Disclaimer: I don't own Harry Potter. I don't own Lord of the Rings. And I don't own Satan. Although that would be really cool.
"Harry!"
"Wha—what! Who said that?"
"Hello! Scary, deep, creepy voice much? C'mon! You know this one, man!"
"Um…? I don't know…oh my god! Santa! Is that you?"
"Almost, but not quite. Keep trying!"
"I don't know; give me a hint or something."
"Aw, jeez. Um…let's see…I have horns."
"Chewbacca?"
"Nope—wait, what? Chewbacca doesn't have—"
"JESUS! IS THAT YOU! Oh my god I can't believe I'm actually talking to you—"
"IT'S SATAN, YOU ASSHOLE!"
"If you're Satan then why are you talking to me?"
"Like I said, I'm horny. You know, Satan has needs too."
"Man, this is so cool! My stereo's never talked to me before!"
"Okay, I can see this is going to be harder than I thought."
"Hey! Can you make stuff, like, levitate?"
"Please shut up, kid. Okay, now I need you to listen very carefully. Satan commands you to go over there and get me a slice of that cheese cake."
"Okay."
"Good, now Satan commands you to stuff it into the CD drive…good…oh yeah…now just kind of…rub it around…aaaahhhhh yeah…"
"Um? Sata—"
"DID I SAY STOP, BITCH!"
"Satan, I'm scared—"
"Faster! Oh yeeeaaaahhh…..keep going…"
"My hand is all sticky. And I think you made me break my stereo."
"Sssshhhhh…."
"But—"
"Shhhh…don't speak."
"Okay, you're creeping me out, man!"
"Hey! Where're you going? Harry? Harry? Aaaawww, please come back. Fine, I'll go get that creepy little hobbit from Lord of the Rings to do this."

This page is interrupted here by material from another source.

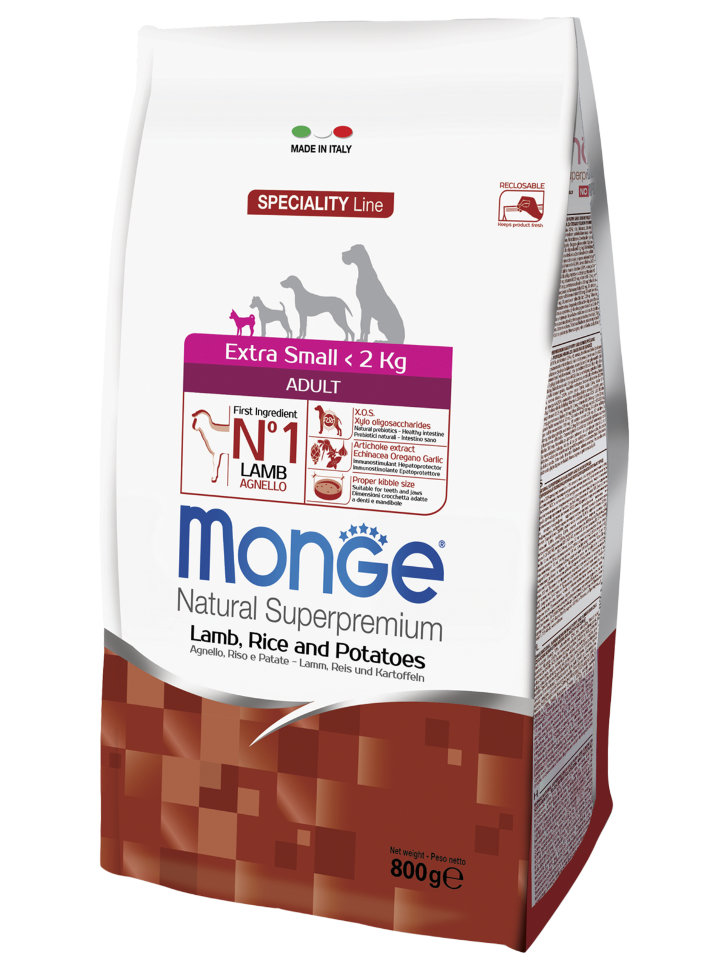 Monge Dog Speciality Extra Small корм для взрослых собак миниатюрных пород ягненок с рисом и картофелем
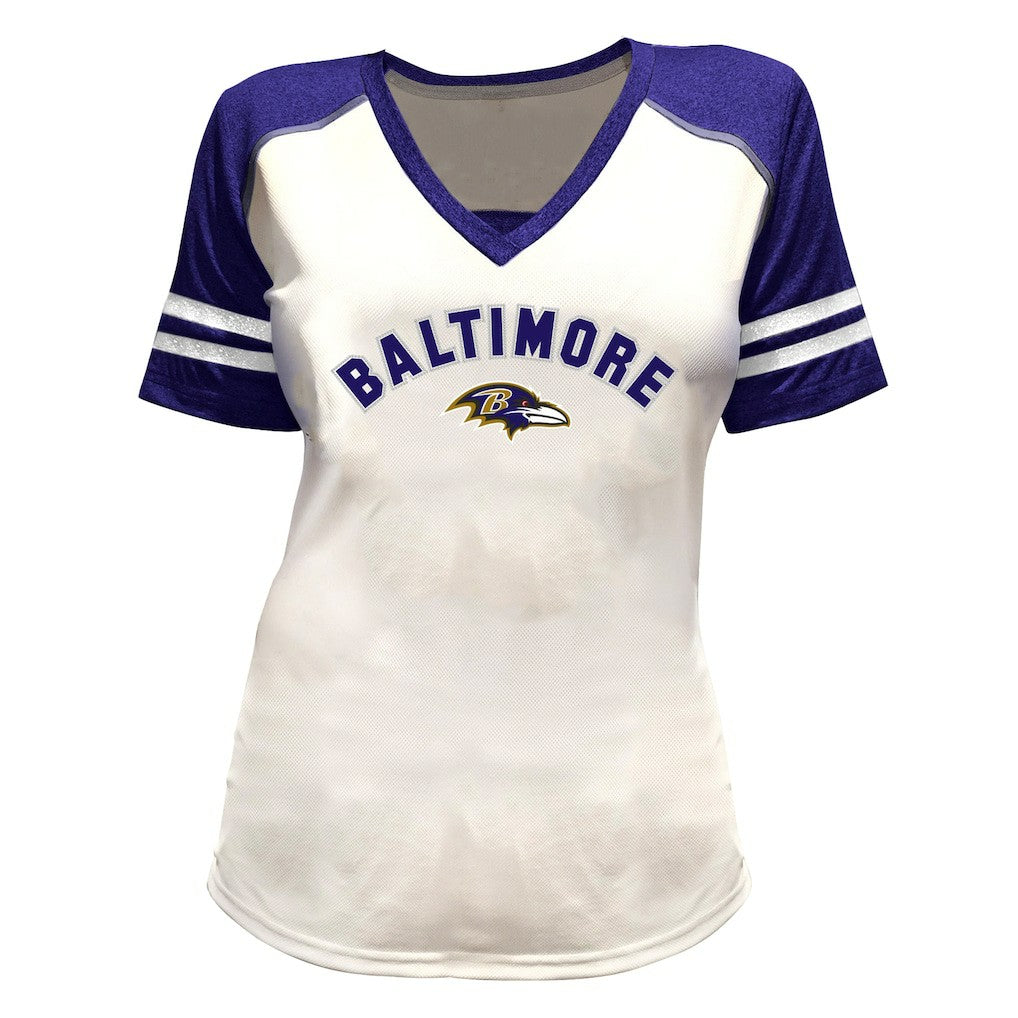 Lamar Jackson  Women's Plus Size Bling V-Neck T-Shirt - Baltimore Ravens T-shirts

After that day, Harry was never quite the same; he couldn't look at a slice of cheesecake without bursting into tears and yelling at his hand.
And his CD player still doesn't work..
That was really fun!
I don't apologize if you were offended or creeped out, but if you were amused and/or at least somewhat entertained, I salute you, because that means that I'm not the only one with this creepy, horrible, twisted sense of humor. I'm glad you share my burden. Bitch.
Fair well, my good friends. Or enemies, you choose.